Michelle B October 15, 2009 at 07:38

I think what you described is what I accomplish by using a bracketted order which consists both of a hard/trailing stop and a limit order for the target. Such orders uses the wisdom of talking to yourself (per Dr. Brett), because in order to set them, you need to KNOW the essential aspects of the trade well ahead of the actual execution. Too many traders enter a trade on impulse and leave out the details that can both protect capital and book profits.

More than one bracketted order can be set up so one can scale in and out of a trade in order to book partial profits if that kind of management is preferred than all in and all out.

Reply

Chart Shark October 15, 2009 at 09:09

Your comments are awesome.

The planning portion of the trade is often overlooked. Impulsive trading will kill an account quickly. Traders definitely have to take the time to plan a trade properly in order to utilize these advanced order types.

You’re right about using multilpe orders too.

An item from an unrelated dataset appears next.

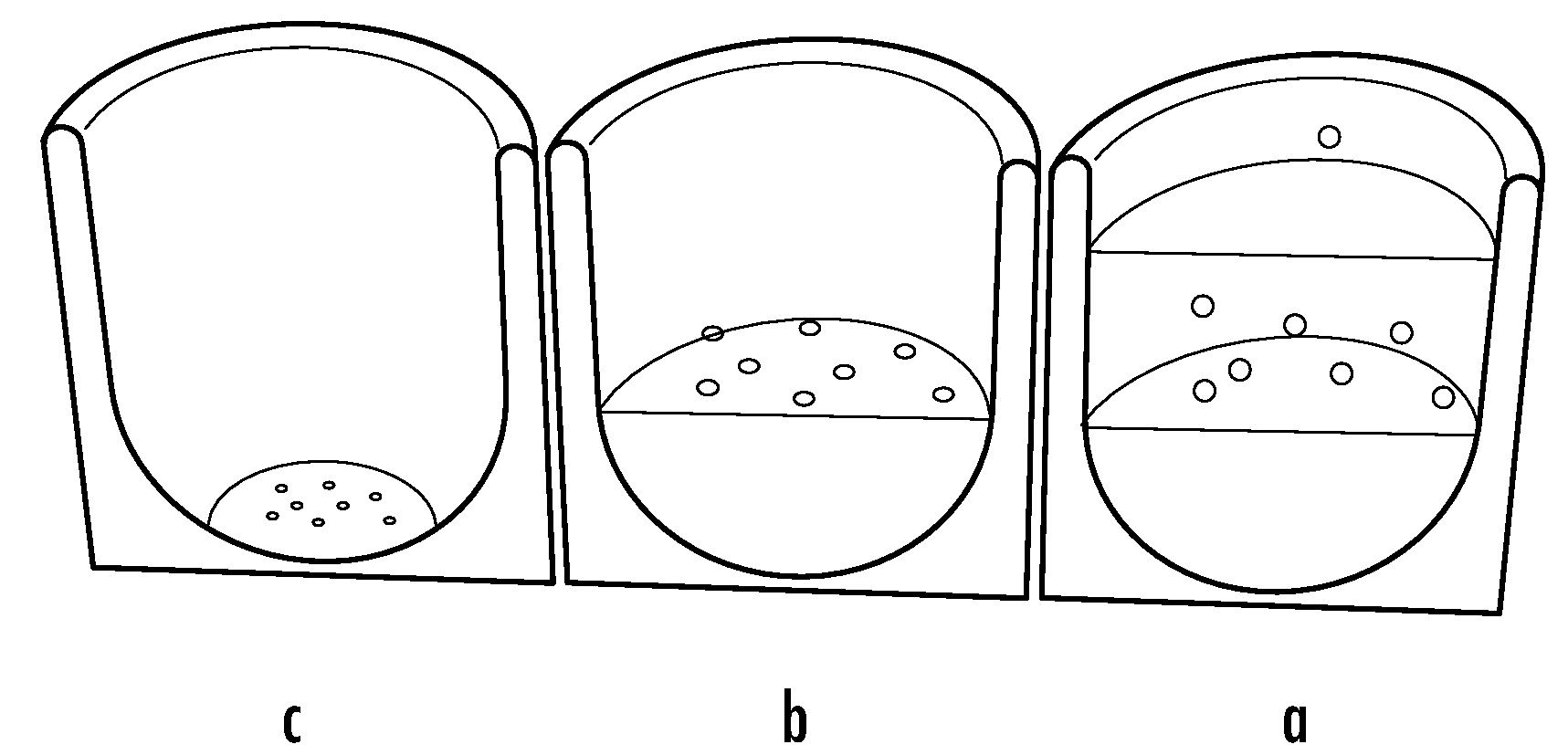 Loadable Polymeric Microparticles for Therapeutic Use in Alopecia and Methods of Preparing and Using the Same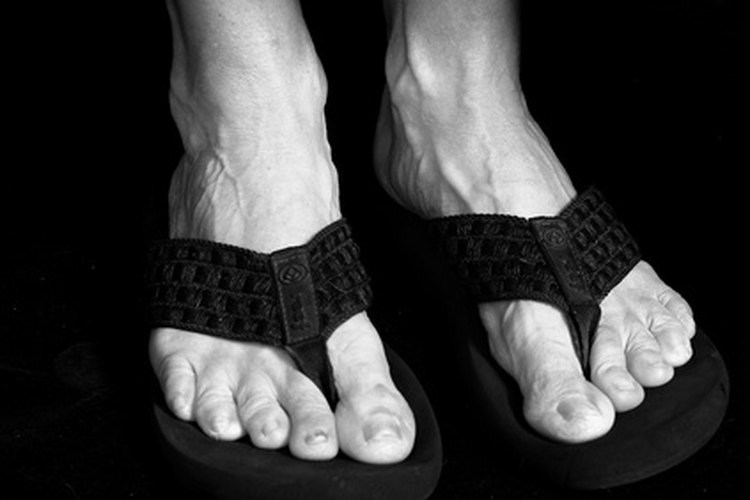 Los pies se hinchan por el calor como resultado de la acumulación del exceso de líquido.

Using more than one of these order types gives one the flexibility to adjust this technique to fit his or her personal trading style.

Thanks for your insights, Michelle.

Reply

Ravi October 15, 2009 at 11:06

Thank you for suggesting OT/OCA to overcome fear and greed. I agree that it is a very useful tool for swing trading set ups. But for day trading, when you follow the trend, I find it difficult to set targets though we can place stops in advance. I try to exit after the close of the candle that violates the trend line.

Any suggestions?

Ravi.

Reply

Chart Shark October 15, 2009 at 12:09

Hi Ravi,

While the OT/OCA is a useful tool, it might not fit every strategy. I tend to pick targets based on support/resistance, whole numbers, and technical factors. I also scale out of my trades, as Michelle mentioned in her comment.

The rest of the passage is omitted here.